• _Your goal_: Search the records below for the string "Octavia" and copy each line where it turns up.

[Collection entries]
--*--

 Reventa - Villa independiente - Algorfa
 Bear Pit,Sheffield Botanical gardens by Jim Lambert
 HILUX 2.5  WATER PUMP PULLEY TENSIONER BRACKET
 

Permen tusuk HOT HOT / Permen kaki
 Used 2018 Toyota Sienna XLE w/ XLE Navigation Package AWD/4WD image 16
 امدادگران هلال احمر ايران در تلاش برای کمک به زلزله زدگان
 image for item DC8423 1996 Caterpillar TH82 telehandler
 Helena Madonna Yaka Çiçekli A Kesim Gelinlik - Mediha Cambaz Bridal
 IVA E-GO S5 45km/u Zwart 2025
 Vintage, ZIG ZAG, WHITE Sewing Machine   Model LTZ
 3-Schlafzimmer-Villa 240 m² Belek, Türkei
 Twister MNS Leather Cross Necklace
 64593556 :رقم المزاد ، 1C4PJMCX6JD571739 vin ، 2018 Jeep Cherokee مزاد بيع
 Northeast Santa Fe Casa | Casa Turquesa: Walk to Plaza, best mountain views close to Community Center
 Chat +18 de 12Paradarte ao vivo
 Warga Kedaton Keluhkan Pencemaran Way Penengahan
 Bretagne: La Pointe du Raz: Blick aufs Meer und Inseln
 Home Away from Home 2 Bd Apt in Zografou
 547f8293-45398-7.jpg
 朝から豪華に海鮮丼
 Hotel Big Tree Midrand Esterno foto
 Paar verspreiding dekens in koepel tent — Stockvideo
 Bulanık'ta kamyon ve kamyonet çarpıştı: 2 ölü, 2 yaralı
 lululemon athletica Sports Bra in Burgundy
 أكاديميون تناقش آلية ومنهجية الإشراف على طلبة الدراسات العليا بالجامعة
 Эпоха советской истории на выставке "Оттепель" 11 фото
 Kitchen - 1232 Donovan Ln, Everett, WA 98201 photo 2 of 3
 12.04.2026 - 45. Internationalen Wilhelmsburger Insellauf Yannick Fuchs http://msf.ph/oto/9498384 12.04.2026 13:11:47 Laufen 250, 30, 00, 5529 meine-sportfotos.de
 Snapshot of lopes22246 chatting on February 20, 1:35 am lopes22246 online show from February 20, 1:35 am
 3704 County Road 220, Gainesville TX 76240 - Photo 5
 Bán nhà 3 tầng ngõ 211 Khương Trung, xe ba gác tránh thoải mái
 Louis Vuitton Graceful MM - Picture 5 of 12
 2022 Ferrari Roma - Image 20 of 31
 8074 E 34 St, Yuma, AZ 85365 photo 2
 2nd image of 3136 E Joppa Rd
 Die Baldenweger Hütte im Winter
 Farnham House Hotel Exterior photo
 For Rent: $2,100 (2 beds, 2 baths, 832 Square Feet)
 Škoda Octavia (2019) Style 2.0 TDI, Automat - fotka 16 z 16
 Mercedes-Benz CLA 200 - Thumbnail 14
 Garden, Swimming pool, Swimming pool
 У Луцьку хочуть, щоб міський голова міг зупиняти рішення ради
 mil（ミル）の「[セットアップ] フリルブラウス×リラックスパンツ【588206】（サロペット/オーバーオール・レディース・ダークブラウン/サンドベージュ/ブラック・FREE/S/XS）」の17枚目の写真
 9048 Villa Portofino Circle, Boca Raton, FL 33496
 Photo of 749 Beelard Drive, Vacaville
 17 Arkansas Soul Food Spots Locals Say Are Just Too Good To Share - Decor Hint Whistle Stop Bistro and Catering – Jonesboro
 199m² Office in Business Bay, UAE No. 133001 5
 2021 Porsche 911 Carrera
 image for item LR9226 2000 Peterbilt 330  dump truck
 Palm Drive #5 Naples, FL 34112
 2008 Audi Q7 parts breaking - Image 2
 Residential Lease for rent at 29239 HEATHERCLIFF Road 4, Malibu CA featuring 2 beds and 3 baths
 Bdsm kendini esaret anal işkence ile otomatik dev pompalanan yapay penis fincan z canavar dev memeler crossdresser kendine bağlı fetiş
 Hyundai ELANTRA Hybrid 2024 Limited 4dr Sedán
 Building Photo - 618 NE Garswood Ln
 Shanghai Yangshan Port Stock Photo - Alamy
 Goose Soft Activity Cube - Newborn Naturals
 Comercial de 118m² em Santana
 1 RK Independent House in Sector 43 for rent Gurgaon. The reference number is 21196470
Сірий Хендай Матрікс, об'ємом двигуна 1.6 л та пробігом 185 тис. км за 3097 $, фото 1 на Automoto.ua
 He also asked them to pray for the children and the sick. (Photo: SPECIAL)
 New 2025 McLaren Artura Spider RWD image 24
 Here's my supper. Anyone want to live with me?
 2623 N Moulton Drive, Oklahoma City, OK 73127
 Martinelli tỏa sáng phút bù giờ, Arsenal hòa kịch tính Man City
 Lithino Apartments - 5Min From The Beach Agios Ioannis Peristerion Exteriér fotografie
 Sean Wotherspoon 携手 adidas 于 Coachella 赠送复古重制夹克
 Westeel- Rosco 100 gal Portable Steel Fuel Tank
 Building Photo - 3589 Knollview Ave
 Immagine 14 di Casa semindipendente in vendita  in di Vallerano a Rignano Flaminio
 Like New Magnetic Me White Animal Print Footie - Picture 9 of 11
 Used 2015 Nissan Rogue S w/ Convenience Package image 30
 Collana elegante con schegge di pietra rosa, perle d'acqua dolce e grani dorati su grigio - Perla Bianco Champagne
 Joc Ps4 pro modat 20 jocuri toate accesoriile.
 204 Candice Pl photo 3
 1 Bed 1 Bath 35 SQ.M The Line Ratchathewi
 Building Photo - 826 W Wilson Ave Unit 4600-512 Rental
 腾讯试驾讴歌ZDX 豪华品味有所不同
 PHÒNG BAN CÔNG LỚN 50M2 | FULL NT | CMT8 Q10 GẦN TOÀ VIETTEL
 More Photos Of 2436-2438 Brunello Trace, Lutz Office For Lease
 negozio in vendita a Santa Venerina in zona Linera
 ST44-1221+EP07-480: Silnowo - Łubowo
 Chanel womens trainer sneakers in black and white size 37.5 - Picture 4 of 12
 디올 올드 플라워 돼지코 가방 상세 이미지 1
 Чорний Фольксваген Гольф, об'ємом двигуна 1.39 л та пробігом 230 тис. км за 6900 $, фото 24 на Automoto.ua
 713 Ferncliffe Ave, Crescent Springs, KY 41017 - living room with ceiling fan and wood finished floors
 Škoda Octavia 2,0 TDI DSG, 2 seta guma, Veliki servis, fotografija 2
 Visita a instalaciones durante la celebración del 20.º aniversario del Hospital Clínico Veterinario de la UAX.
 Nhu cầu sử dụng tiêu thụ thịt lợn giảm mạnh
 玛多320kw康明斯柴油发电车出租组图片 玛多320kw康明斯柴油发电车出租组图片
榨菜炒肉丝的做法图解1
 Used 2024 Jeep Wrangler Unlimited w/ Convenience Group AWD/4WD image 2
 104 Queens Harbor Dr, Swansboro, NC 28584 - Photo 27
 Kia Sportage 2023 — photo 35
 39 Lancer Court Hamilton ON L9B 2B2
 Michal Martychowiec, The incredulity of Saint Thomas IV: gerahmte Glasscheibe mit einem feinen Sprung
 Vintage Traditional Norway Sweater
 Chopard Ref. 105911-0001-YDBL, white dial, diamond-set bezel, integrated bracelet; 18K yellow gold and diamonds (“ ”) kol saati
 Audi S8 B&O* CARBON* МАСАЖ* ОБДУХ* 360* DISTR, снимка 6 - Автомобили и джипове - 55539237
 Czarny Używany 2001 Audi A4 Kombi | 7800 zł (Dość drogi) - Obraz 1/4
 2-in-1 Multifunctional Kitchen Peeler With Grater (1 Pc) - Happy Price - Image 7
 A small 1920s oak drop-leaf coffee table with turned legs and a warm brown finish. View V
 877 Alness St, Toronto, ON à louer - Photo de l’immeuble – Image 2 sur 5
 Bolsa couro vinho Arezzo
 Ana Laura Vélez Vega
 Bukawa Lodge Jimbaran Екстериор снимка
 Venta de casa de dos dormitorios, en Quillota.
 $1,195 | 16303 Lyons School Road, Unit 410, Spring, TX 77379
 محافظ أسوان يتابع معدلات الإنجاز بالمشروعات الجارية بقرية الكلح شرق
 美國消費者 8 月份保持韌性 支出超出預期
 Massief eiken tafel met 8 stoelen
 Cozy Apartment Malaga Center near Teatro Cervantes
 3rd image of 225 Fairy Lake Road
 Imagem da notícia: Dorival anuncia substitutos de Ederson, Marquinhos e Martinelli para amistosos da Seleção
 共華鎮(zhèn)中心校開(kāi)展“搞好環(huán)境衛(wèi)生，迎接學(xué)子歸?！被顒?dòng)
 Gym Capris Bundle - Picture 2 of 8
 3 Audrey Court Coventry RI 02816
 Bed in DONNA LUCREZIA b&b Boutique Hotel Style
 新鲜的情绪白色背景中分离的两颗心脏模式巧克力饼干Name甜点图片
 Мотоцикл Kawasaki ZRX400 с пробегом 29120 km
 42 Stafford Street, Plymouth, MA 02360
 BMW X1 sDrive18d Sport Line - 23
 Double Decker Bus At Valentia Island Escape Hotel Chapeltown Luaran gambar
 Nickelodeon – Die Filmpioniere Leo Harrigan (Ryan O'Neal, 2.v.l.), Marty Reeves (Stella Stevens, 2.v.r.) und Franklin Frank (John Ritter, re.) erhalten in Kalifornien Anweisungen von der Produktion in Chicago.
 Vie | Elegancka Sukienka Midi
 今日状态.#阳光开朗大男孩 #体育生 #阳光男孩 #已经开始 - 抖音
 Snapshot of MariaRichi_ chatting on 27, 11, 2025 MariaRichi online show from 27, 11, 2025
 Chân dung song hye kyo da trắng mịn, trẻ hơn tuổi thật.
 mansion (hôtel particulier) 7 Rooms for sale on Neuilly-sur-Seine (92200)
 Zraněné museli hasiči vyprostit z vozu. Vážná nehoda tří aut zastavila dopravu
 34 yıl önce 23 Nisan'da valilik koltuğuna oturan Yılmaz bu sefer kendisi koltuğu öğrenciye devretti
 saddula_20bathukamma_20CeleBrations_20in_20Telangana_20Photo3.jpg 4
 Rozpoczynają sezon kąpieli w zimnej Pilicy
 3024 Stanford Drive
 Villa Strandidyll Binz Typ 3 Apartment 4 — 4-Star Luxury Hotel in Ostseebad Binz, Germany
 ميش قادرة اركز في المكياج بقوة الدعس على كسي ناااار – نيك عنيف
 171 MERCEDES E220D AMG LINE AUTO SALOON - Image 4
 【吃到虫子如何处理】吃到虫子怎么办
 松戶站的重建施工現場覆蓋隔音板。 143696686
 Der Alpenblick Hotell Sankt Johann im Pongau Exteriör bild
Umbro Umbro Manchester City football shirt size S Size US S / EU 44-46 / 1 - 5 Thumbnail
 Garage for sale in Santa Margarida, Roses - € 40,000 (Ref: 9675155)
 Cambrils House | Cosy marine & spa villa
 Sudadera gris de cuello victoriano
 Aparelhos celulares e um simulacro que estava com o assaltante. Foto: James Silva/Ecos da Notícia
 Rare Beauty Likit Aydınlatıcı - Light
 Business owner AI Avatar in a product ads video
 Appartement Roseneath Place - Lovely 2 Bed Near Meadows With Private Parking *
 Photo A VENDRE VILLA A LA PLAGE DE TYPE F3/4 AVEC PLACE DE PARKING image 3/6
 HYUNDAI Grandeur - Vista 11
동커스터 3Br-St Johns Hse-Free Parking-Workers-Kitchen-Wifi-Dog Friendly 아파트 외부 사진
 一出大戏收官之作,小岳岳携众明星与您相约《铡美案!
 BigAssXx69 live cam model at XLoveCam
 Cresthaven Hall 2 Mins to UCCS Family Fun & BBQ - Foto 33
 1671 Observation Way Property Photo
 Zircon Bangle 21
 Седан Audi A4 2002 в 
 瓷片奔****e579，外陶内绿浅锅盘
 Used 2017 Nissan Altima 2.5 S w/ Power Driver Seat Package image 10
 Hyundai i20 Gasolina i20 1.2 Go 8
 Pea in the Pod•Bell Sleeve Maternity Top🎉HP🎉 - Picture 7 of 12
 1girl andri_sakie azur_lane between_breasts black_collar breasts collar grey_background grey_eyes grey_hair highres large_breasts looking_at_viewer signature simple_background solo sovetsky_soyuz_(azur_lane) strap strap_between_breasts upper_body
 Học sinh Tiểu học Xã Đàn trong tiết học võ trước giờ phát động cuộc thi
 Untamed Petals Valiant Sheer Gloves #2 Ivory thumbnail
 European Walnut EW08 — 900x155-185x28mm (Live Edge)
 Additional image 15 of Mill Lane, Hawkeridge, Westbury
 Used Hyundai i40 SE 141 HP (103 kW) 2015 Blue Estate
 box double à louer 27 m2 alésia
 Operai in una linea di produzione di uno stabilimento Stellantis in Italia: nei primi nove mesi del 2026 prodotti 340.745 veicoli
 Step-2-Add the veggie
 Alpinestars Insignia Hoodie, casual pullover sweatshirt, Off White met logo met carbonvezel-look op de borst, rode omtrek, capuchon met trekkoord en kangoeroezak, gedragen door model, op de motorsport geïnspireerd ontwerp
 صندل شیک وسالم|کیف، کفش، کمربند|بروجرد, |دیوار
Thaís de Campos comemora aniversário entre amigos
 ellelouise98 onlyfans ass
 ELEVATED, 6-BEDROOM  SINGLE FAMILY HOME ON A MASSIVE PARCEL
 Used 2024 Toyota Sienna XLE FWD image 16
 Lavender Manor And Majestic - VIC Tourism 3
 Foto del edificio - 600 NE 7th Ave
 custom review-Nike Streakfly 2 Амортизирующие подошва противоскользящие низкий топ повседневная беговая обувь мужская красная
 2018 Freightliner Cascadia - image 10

--*--

• _Response_:
 Škoda Octavia (2019) Style 2.0 TDI, Automat - fotka 16 z 16
 Škoda Octavia 2,0 TDI DSG, 2 seta guma, Veliki servis, fotografija 2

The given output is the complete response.